Find a Tender + Contracts Finder

−70%
Award value year-on-year for the same two-month window

Find a Tender + Contracts Finder

44
MoD contracts awarded April–May 2026, worth just £293m

Find a Tender + Contracts Finder

PeriodContracts awardedTotal value
Apr–May 2021113£422m
Apr–May 202296£666m
Apr–May 2023164£4.0bn
Apr–May 2024136£723m
Apr–May 2025137£1.0bn
Apr–May 202644£293m
This is not a rounding error or a seasonal quirk. The data shows MoD procurement slowing markedly through early 2026, well before the resignation drama of 11 June. The uncertainty was already baked in. Procurement teams cannot easily advance major new contracts when the investment plan that funds them remains unpublished. Programmes stall. Re-competitions get deferred. Suppliers waiting for work get nothing.
The broader annual picture tells the same story. After a sustained period of high award activity in 2022 and 2023 — over 1,000 contracts per year, driven partly by post-SDR planning and Ukraine-related procurement — the volume has been in visible decline.
YearContracts awardedTotal value
2021908£4.5bn
20221,033£9.4bn
20231,146£9.7bn
2024898£9.8bn
2025823£5.6bn
2026 (to 17 June)225£2.2bn
In March 2026, Breaking Defense reported that the DIP delay was already "hurting key suppliers" and that industry groups were sounding alarms about cash flow. One industry figure told Politico that smaller defence companies in the supply chain were "relying on cash injections to stay afloat."

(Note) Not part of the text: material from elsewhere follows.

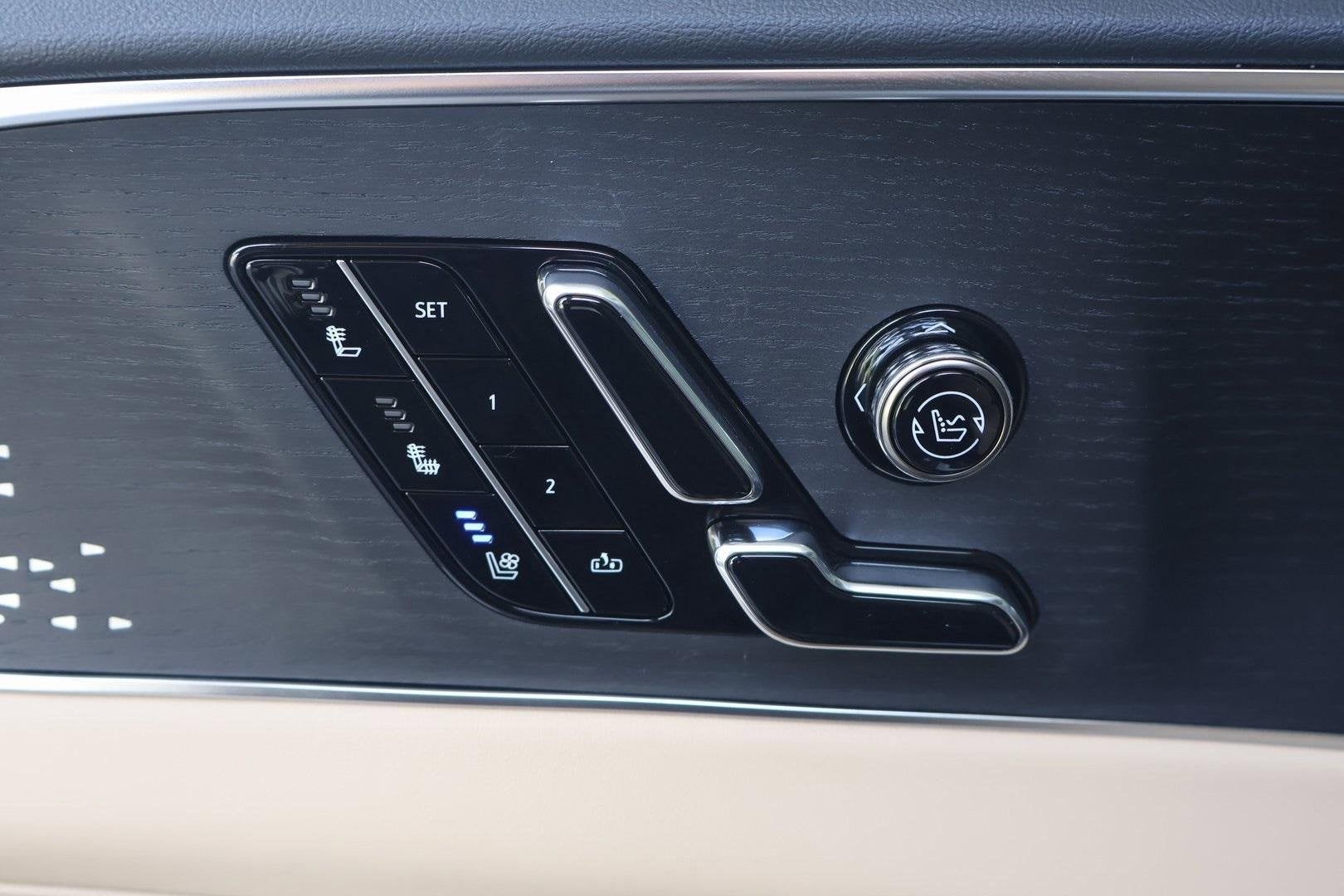 2026 Cadillac LYRIQ V-Series Premium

£13.7 billion in MoD contracts expiring in the next 18 months

This is the number that should be dominating the defence business conversation right now — and isn't. Across publicly available UK contract award data, every Ministry of Defence contract with a published end date falling between now and December 2027 can be identified. These are live, expiring agreements that will need to be re-competed, extended, or consolidated. The data shows a substantial re-procurement wave approaching.
WindowContracts expiringValue at stake
Q2 2026 (to end June)43£783m
Q3 2026 (Jul–Sep)137£1.36bn
Q4 2026 (Oct–Dec)138£791m
Q1 2027 (Jan–Mar)216£5.65bn
Q2 2027 (Apr–Jun)102£1.43bn
Q3 2027 (Jul–Sep)93£1.18bn
Q4 2027 (Oct–Dec)59£2.50bn
Total788~£13.7bn
The Q1 2027 figure — 216 contracts worth £5.65 billion expiring in a single quarter — is the most significant procurement cliff in the visible pipeline. Much of it likely relates to multi-year framework agreements and support contracts signed during the high-activity period of 2022–23 and now coming to term.
There is an important caveat: not every contract that "expires" is automatically re-competed from scratch. Many will roll over on extensions, particularly under uncertainty. But extensions aren't free from a market perspective — they crowd out new entrants, preserve incumbent positions, and represent a deferral of competition, not its elimination. The new Defence Secretary's task isn't just to publish a DIP. It is to restart a procurement machine that has been progressively decelerating — before hundreds of millions of pounds of existing contracts simply run out of road.

The SME question: who loses when procurement freezes?

There is a dimension to this story that gets less coverage than the big primes. In the Hansard debate on 10 June — the day before Healey resigned — the government confirmed that since July 2024 the MoD had signed 1,400 major contracts, with 94% going to UK-based firms. It also committed to increasing direct SME spend by 50%, representing an additional £2.5 billion, and has established a Defence Office for Small Business Growth as a "single doorway" for SMEs to access defence. These are genuinely significant commitments — arguably the most pro-SME framing of defence procurement in a generation.
But they are entirely contingent on contracts actually being let. An SME support programme is meaningless in a procurement freeze. The companies most exposed to the DIP delay are not BAE Systems or Rolls-Royce, with long-term frameworks and deep balance sheets. They are the tier-two and tier-three supply chain — the engineering firms, the data analytics providers, the drone manufacturers, the software developers — for whom a missed contract isn't a quarter-point margin reduction. It's an existential event.

Other companies have gone bust waiting for the UK to get investment moving.